How do you maintain a work-life balance?

The past years’ experience has made me realise that there is never really a true balance between work and personal responsibilities. There is always something new that develops which cannot be predicted. This is even more challenging to deal with since now both the realms of work and home are intermingled, and both demand attention, often at the same time. Hence, we have to adopt new methods to increase efficiency, improve our time management skills, streamline our work and find new ways to cooperate with others. One needs to be flexible, agile and proactive.

I feel relatively privileged that I did not have to face many difficulties at home since I have always had the support of my family and domestic help to lend a helping hand at home. My children, who are out of their teenage years and fairly independent, are, in fact, more than willing to contribute and help in any way they can. However, here I would like to give due credit to some of my younger colleagues. They managed to continue working equally productively, overcoming the many challenges they have faced over these past months.

In the Indian context, or more aptly, in the context of life in the metropolitan city of Mumbai, the challenges posed are unique. Houses in Mumbai usually are compact, and an average middle-class family lives sufficiently well in a 1 BHK with makeshift arrangements to suit daytime and nighttime needs. With the work-from-home arrangement, it has been difficult for many people to carve out an exclusive working space during the day, especially with all the family members present at home. Further, with 2-3 adults working from home, this has been an even more challenging task.

With middle-class families unable to afford living in central Mumbai or closer to their workplaces due to high property values, the daily commute to work is time-consuming and tiring. An average working individual spends almost double her waking hours at the workplace rather than at home, and almost half of the balance in travelling to and from work. With the onset of the pandemic, remote working conditions have nullified travel time and allowed people to relocate to affordable and spacious residences, albeit in the distant suburbs. It has also freed up time and energy for activities that could be taken up only over the weekends or on holidays, such as exercise, recreation, reading etc. – those that are essential for rejuvenation.
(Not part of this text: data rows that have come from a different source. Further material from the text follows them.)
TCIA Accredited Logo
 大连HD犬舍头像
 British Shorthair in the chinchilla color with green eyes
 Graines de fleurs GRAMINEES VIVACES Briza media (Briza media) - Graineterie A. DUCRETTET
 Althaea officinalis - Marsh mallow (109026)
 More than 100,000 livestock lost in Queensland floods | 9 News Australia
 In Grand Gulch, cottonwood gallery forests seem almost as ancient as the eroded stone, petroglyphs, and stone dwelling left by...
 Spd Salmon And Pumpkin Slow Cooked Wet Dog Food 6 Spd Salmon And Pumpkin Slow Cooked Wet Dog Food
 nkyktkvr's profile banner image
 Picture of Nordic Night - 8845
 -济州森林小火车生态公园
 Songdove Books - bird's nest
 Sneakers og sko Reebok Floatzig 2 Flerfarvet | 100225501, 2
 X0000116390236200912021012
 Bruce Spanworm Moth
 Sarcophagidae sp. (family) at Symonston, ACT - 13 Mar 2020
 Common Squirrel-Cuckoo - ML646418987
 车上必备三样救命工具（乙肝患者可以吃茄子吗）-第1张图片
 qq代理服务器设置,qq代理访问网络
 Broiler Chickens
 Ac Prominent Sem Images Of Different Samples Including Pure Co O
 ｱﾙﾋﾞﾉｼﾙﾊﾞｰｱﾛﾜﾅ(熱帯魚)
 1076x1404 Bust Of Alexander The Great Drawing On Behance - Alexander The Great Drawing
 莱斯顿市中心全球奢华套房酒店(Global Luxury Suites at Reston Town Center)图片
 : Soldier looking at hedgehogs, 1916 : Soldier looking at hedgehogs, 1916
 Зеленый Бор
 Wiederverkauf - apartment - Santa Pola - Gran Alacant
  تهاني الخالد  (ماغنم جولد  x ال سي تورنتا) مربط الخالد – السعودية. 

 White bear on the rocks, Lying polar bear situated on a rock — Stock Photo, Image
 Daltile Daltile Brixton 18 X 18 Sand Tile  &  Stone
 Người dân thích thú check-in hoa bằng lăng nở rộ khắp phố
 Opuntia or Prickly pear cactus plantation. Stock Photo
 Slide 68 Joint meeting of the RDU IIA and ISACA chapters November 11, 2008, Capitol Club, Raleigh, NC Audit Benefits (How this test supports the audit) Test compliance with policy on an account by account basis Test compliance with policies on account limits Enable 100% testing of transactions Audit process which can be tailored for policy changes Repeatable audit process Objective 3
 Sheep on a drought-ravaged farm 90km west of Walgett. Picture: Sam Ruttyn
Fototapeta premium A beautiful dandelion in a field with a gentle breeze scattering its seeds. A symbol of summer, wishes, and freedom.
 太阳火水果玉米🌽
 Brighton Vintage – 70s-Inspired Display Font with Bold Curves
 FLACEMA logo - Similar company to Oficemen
Household help in India is relatively inexpensive compared to many other countries. Hence, we have always depended on them for many simple daily chores/activities like cooking and cleaning. The lockdown encouraged family members to collectively work as a team and do the daily household chores, a lesson well learnt in being self-reliant.

In families with young children, the parents, and more so the mother, have the additional responsibility of looking after the children’ needs. With schools moving to an online instruction system, overlapping hours and juggling responsibilities are sometimes overwhelming. A cooperative and collaborative team is critical in such circumstances, and the SCRUM system of self-organised teams offers sufficient flexibility within home environments.

Finally, being in a profession like Architecture, we had never imagined that work-from-home would be possible because there is a constant requirement of coordination meetings, discussions for designs and drawings, site visits and inspections etc. While last year had its fair share of challenges, it only encouraged us to reinvent our methods and processes of work. It made us realise that it is possible to work from any part of the country, with any organisation on projects across the world.

We look back at 2020 with positivity and seek to carry forward all our learnings in the future with renewed zeal and determination.